7. As against the order of the School Management, the Headmaster has a right of appeal under Section 23 of the Tamil Nadu Recognised Private Schools (Regulation) Act, 1973 [for short, 'Private Schools Act'] failing which second appeal will lie before the Private Schools Tribunal under Section 24 of the Private Schools Act. The petitioner Headmaster instead of filing an appeal as contemplated under the Act, has come forward to file a writ petition and in the affidavit, he has stated that there is no remedy under the provisions of the Private Schools Act and, therefore, he has filed the present writ petition. This stand of the Headmaster is unacceptable because against the order of dismissal, a right of appeal is granted to a teacher to the Joint Director of School Education and as against the order of the Joint Director, a second appeal is provided for before the Private Schools Tribunal under Section 24 of the said Act.

8. In the present case, if the order of the School Management is construed as a fresh order of dismissal, a right of appeal lies before the first appellate authority. In the present case, the appeal filed by the School Management is only in terms of the appellate authority prescribed under Section 41 of the Private Schools Act read with Rule 29. The order dated 13.3.2004 will have to be taken as only an order passed pursuant to the grant of approval. Therefore, the said order has to be construed as a fresh order of dismissal and hence, there is no impediment for the Headmaster to prefer first appeal under Section 23 of the Private Schools Act within a period of four weeks from the date of receipt of the order and, therefore, if such an appeal is filed, the second respondent Joint Director shall consider the same without reference to any limitation on merits and after giving notice to both parties. The only apprehension can be that in the earlier proceedings, the Joint Director has granted approval and, therefore, he may be biased in dealing with the appeal. Such an apprehension is without any legal basis because while granting approval, the power of the Court is very limited and in a regular appeal, the power of the authority is very wide and, therefore, there is still scope for the petitioner to urge before the appellate authority and take a different view. Since already three years have elapsed since the date of order, it is certain that the same appellate authority may not be holding the post. Therefore, the personal bias may not arise.

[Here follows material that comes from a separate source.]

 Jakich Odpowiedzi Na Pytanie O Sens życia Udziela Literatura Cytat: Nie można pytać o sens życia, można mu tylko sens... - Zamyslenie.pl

9. Learned counsel for the Headmaster relied on the decision of the Supreme Court in 2003 (1) CTC 189 [Harbanslal Sahnia and another vs. Indian Oil Corporation Ltd. And others] wherein it has been held that alternative remedy is not a bar for entertaining the writ petition. Since that question does not arise in terms of the Private Schools Act, the exception pointed out by the said judgment does not apply.

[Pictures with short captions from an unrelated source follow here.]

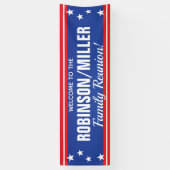 ファミリー懇親会スターとストライプまたは7月4日 横断幕 (縦)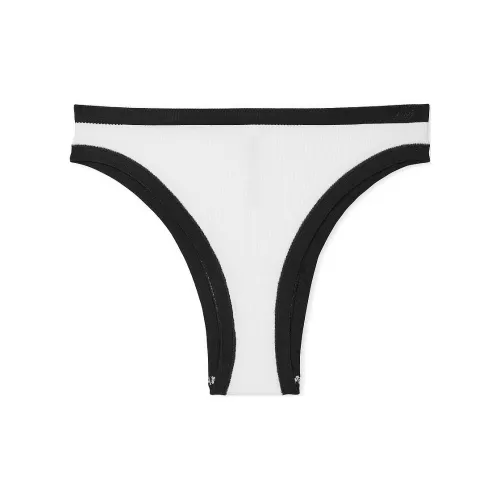 Victoria's Secret Розовый бесшовный бразильский трусик Белый с черным нижнее белье женское 1 упаковка черный белый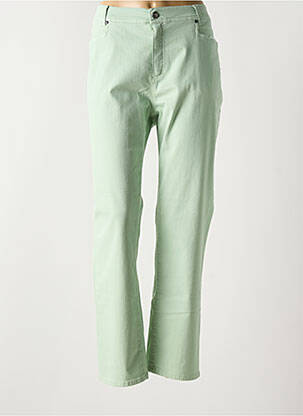 Jeans coupe slim stretch taille normale vert ANNA MONTANA femme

10. The second judgment relied on by the learned counsel for the Headmaster is JT 1995 (1) SC 471 [Dr.Bal Krishna Agarwal vs. State of Uttar Pradesh and others] and on the basis of the said judgment, he argued that once the writ petition is admitted and was pending in the High Court, the Court must go into the merits of the case. However, the Supreme Court in respect of the Private Schools Act which sections are in parimateria, held in the decision reported in AIR 1984 (1) SC 158 [S.Jagadeesan vs. Ayya Nadar College and others] that necessarily the parties must follow the provisions of the Act and the Supreme Court directed the School Management to file a proper appeal. Therefore, these two decisions are of no help in the light of the direct judgment under the very same Act.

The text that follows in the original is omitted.